WORK ORDER: In this exercise, copy exactly the lines from the one that contains "Pickleball so eine" through the end of the entries below; pictures are not copied.

DATASET CONTENT:
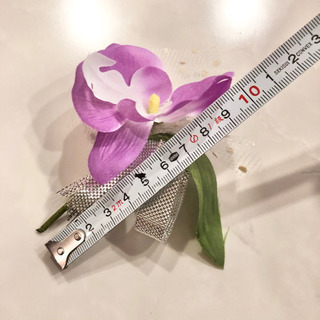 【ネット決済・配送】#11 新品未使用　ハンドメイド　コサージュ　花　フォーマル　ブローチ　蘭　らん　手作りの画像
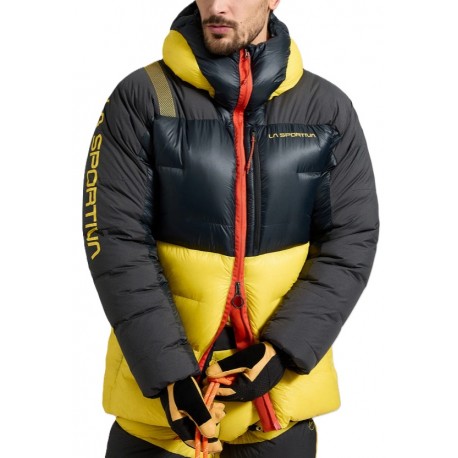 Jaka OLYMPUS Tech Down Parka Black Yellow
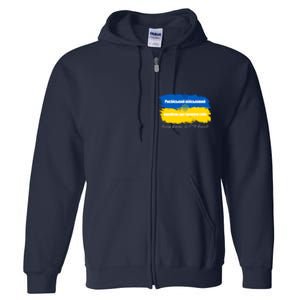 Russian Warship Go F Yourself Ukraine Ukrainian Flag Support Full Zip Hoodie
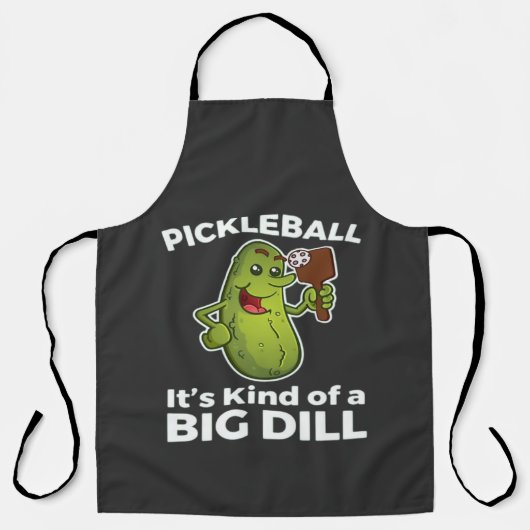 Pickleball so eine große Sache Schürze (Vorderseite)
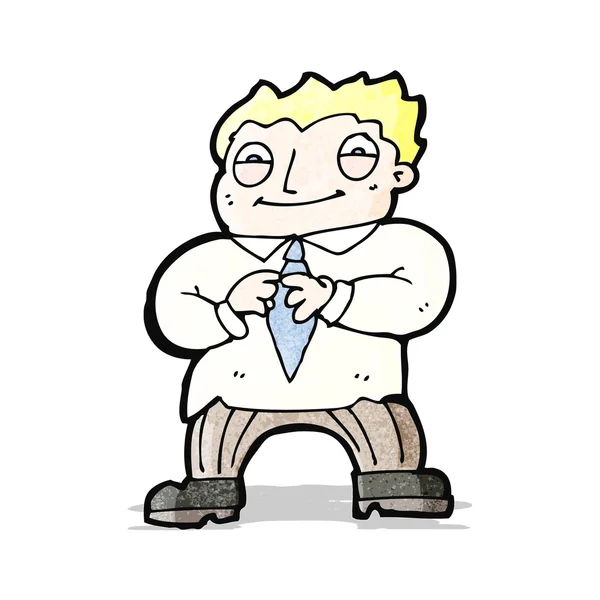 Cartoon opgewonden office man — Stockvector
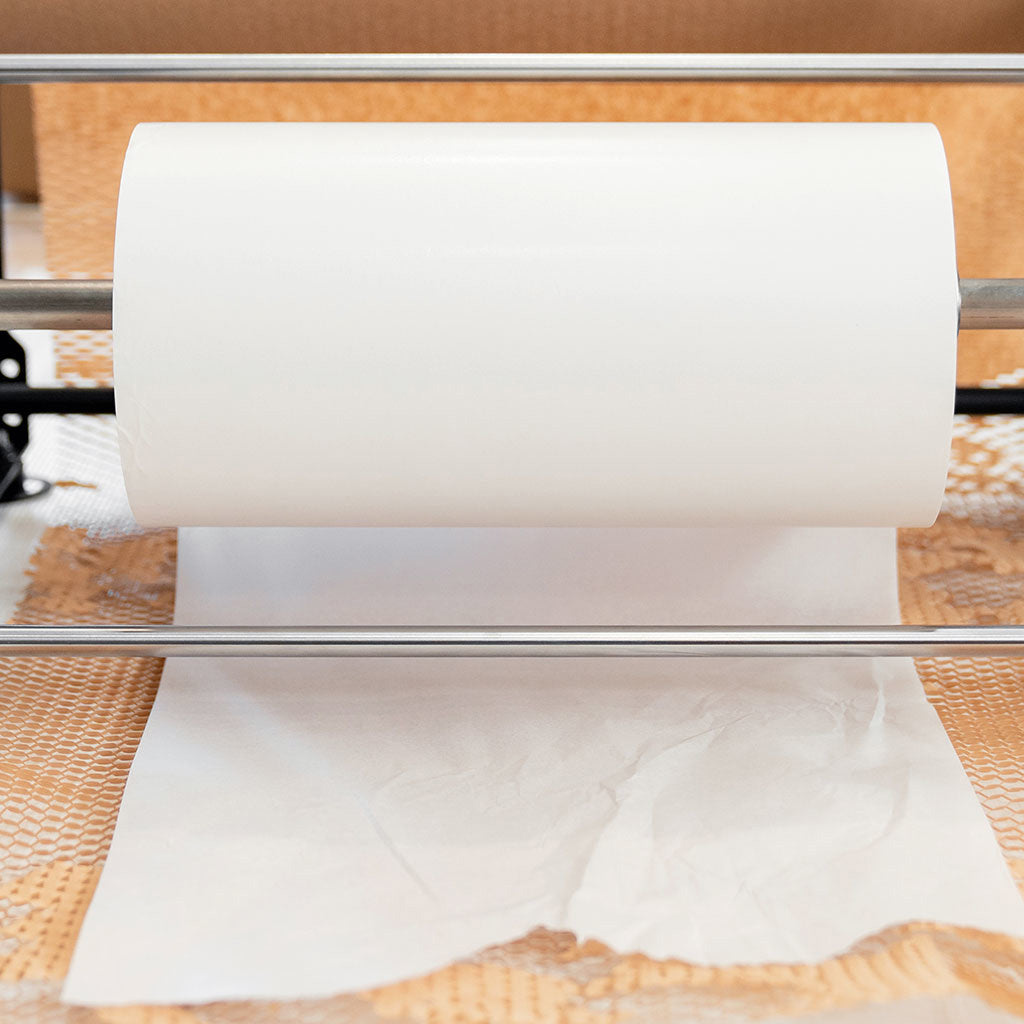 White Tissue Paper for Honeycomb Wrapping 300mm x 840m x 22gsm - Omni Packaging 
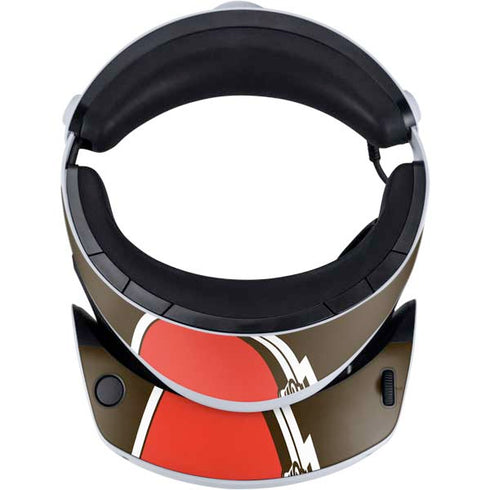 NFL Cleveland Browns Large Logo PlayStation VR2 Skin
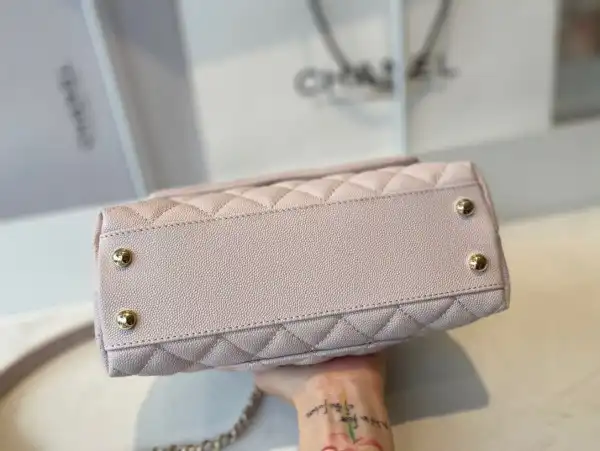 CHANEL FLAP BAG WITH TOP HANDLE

RESULT:
 Pickleball so eine große Sache Schürze (Vorderseite)
 Cartoon opgewonden office man — Stockvector
 White Tissue Paper for Honeycomb Wrapping 300mm x 840m x 22gsm - Omni Packaging 
 NFL Cleveland Browns Large Logo PlayStation VR2 Skin
 CHANEL FLAP BAG WITH TOP HANDLE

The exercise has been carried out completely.